Objects appear at the top of the screen signaling that there is a matching hot spot within the image. The viewer targets the hot spot with the game controller to capture the object and add it to a collection. The captured objects reinforce the imaginary reality of the depicted world, bringing with them attributes related to the story: the strength of the cartoon hero for use in a related mobile game; or the content of a document waved by a character in a dramatic series.  The captured items could also connect viewers to play against one another or to share information to decipher the secrets of a mysterious fictional island.

Other applications that we have developed use smartphones or the iPad in conjunction with the television to follow intersecting and multi-variant stories without confusion  ( ) . But though our applications might be called “transmedia,” we see no particular virtue in combining transmission formats. Instead, we are focused on enhancing the coherence and complexity of stories by exploiting the affordances of what we think of as a single digital medium into which all of these older representational forms are rapidly converging.  

Ben 10 copyrighted by Cartoon Network; Lost copyrighted by ABC.


This is a really interesting post. While the prototype shown in the video is fairly simple, it brings up a lot of possibilities. In particular, it reminds me of conversations I have had in the past concerning "achievements" in video games and their abilities to simultaneously strengthen and distract from the gaming experience. While you suggest here that this type of active interaction with television content would "reinforce immersion in the imaginary world rather than distract from it," I tend to think that adding objects outside of the content frame would draw the eye away from action and thus momentarily break the viewer's focus. Furthermore, the viewer is now dividing his/her attention between comprehending the show and searching the frame for the "hot spot" item, potentially missing plot elements or bits of dialogue while the eye combs the screen (though it is worth noting that issues of "distraction" are nothing new for TV studies).

However, if used strategically, this type of interaction could certainly lead to "enhancing the coherence and complexity of stories" by drawing viewer attention to especially important objects or moments in the story, or leading to increased depth by highlighting more subtle and easily missed elements of the show. This type of engagement could easily be used to extend narrative engagement beyond the confines of the episode's length by cataloging the objects discovered by the viewer to create a "history" of the episode as defined by each user's engagement. This historical record could unlock extra content linked to each object, adding narrative depth that is again reliant on user engagement during the episode. I can also think of ways that audience communities could design their own "guides" for each episode that would point out, say, evidence to support their own "Lost" theory, or what have you. 

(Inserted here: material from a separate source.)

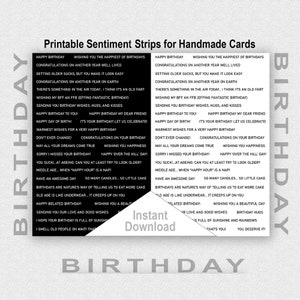 May include: Black and white printable birthday card sentiment strips with the words "Happy Birthday" and "Birthday" in large, bold font. The strips feature various birthday wishes and sayings.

I might also point to Microsoft's recent presentation of the upcoming ESPN on Xbox Live ( as a way of incorporating user engagement with televised content on one screen, both with content provided by ESPN (highlights, stats, scores, etc) and representative of the fan community (what team fans are rooting for, interactive trivia, etc). It's still to be seen how widely used this type of system will be, but perhaps the increasing prevalence of streaming film or television content through game consoles (be it through Netflix, Hulu Plus, AT&T U-Verse, Sky in the UK, etc) is what is needed to accelerate this "game-ification" of television.

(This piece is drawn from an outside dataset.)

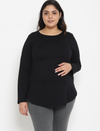 Maternity Full Sleeves T-Shirt- Black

 This is an extremely interesting development and prospective solution to the "problem" of interactive narrative. It allows for another level of attention and engagement with elements within the frame - elements that might not otherwise take on the same degree of meaning.

I tend to agree with Steven, though, that it still results in a competition for engagement and attention between what's "in" the frame and what's outside it - you're either involved with the characters as the plot unfolds, or with objects as they present themselves to the viewer.

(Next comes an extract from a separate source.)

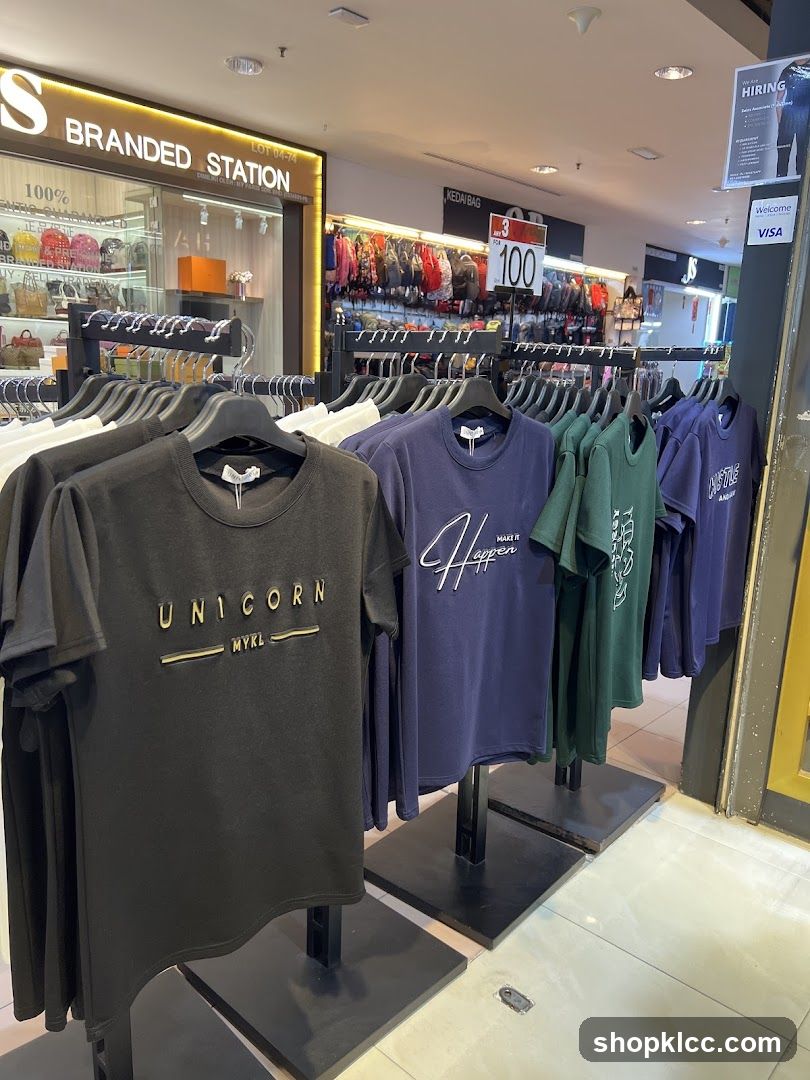 T-shirts on display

This seems to me to the be crux of the challenge with interactive narrative - how to engage the viewer/user with character when interactivity seems to favor engagement with plot. The development here is fascinating and creative, but I think we still have some work to do to invite viewers to care about character development in an interactive setting.

The deeper we get into transmedia, the more complex the phenomenon seems to me. I certainly think that one strand of transmedia comes at the intersection between digital media and legacy media, and in that sense, it does make sense to read it as part of your larger project of understanding the evolution of new forms of digital storytelling.

But it is possible to have effective transmedia strategies which rely, for example, on live performance or comics as extensions which do not pass directly through digital media. You can argue that these strategies were inspired by the way that digital media has focused new attention on world building or rely on a network-enabled consumer to be able to track down the parts and share them with other interested parties.

But for me, the interest in transmedia is not reducable to an interest in the digital. In fact, transmedia is closely associated with your discussion of the hyperserial in Hamlet on the Holodeck, and my impression at the time was that you did not read what was done with Homicide, say, as simply about the expansion of digital storytelling. It has to do with the relations between media.

I also do not think this is simply a "transitional" or stop gate structure until we figure out the iPad. I think the play with transmedia and intertextual extensions has a much longer history than usually acknowledged and will likely continue into the foreseeable future as one impulse shaping contemporary storytelling practices. The nature of transmedia connections will evolve as media evolves, but something would be lost if we pulled transmedia back into a multimedia or digital media frame altogether.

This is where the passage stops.